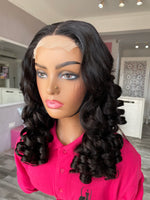 Charger l&#39;image dans la galerie, Sunshine Spiral Curl Double Drawn Human Hair Wig
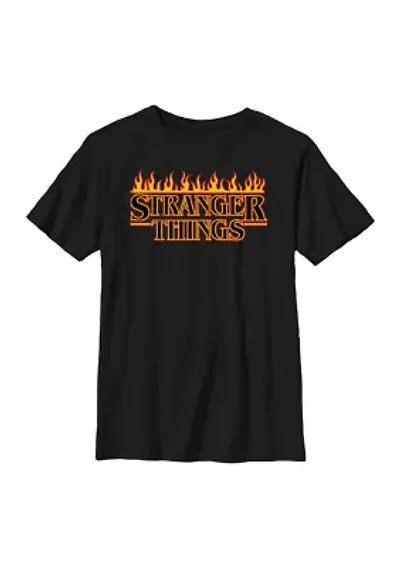 Flaming Logo Graphic T-Shirt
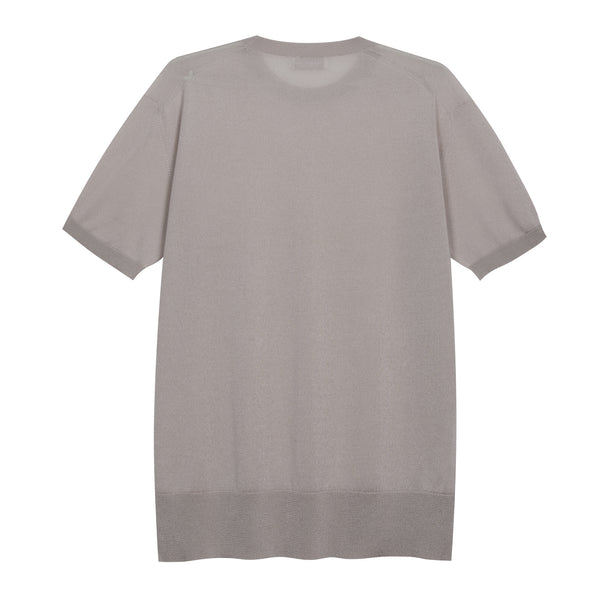 T-shirt in maglia in Lyocell - Variante Beige - Immagine 4
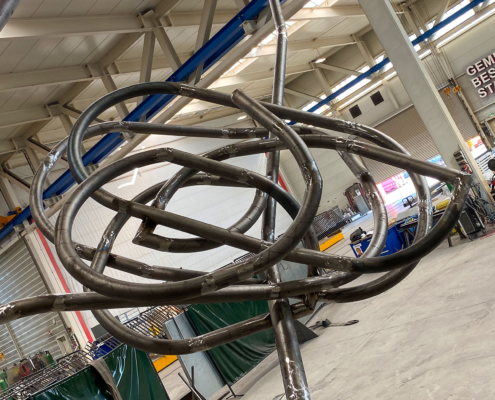 Die Konstruktion des Mundes von "I See A Face. Do You See A Face"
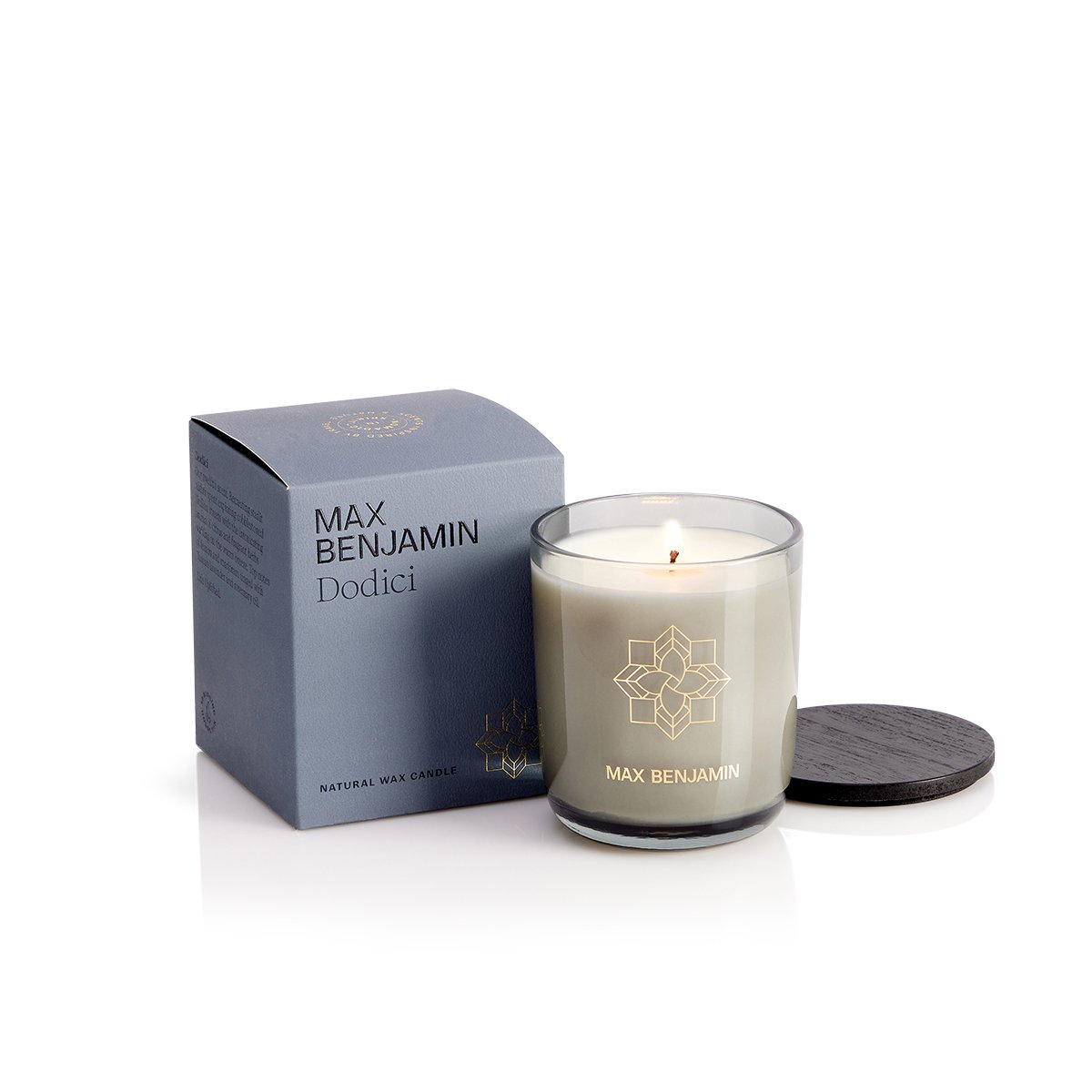 Max Benjamin Dodici Scented Natural Wax Candle Luxurious Fragrance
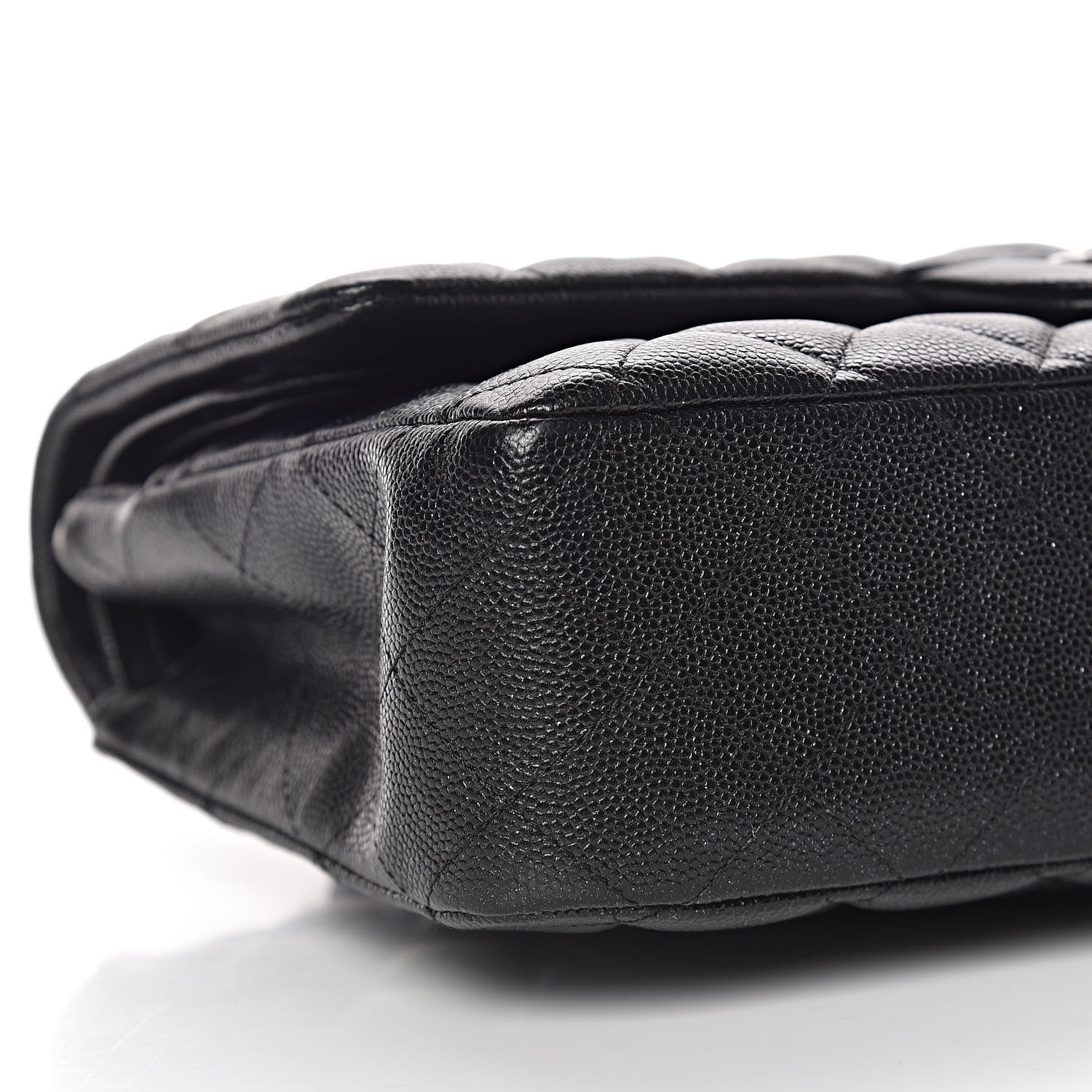 Chanel Iridescent Caviar Quilted Medium Double Flap Black 8 of 11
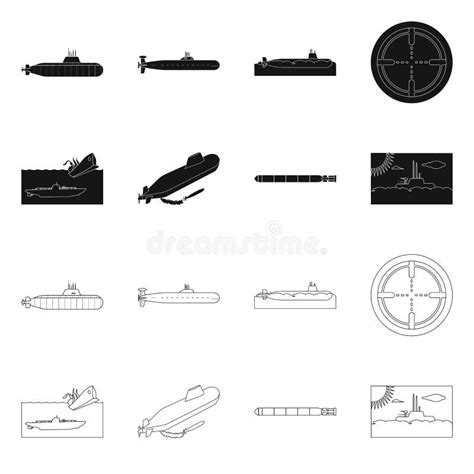 Vector Illustration Of War And Ship Icon Set Of War And Fleet Stock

### TASK BRIEF
Reproduce the whole listing verbatim. Pictures stay out of the copy.

### RESULT OF THIS EXERCISE
 Charger l&#39;image dans la galerie, Sunshine Spiral Curl Double Drawn Human Hair Wig
 Flaming Logo Graphic T-Shirt
 T-shirt in maglia in Lyocell - Variante Beige - Immagine 4
 Die Konstruktion des Mundes von "I See A Face. Do You See A Face"
 Max Benjamin Dodici Scented Natural Wax Candle Luxurious Fragrance
 Chanel Iridescent Caviar Quilted Medium Double Flap Black 8 of 11
 Vector Illustration Of War And Ship Icon Set Of War And Fleet Stock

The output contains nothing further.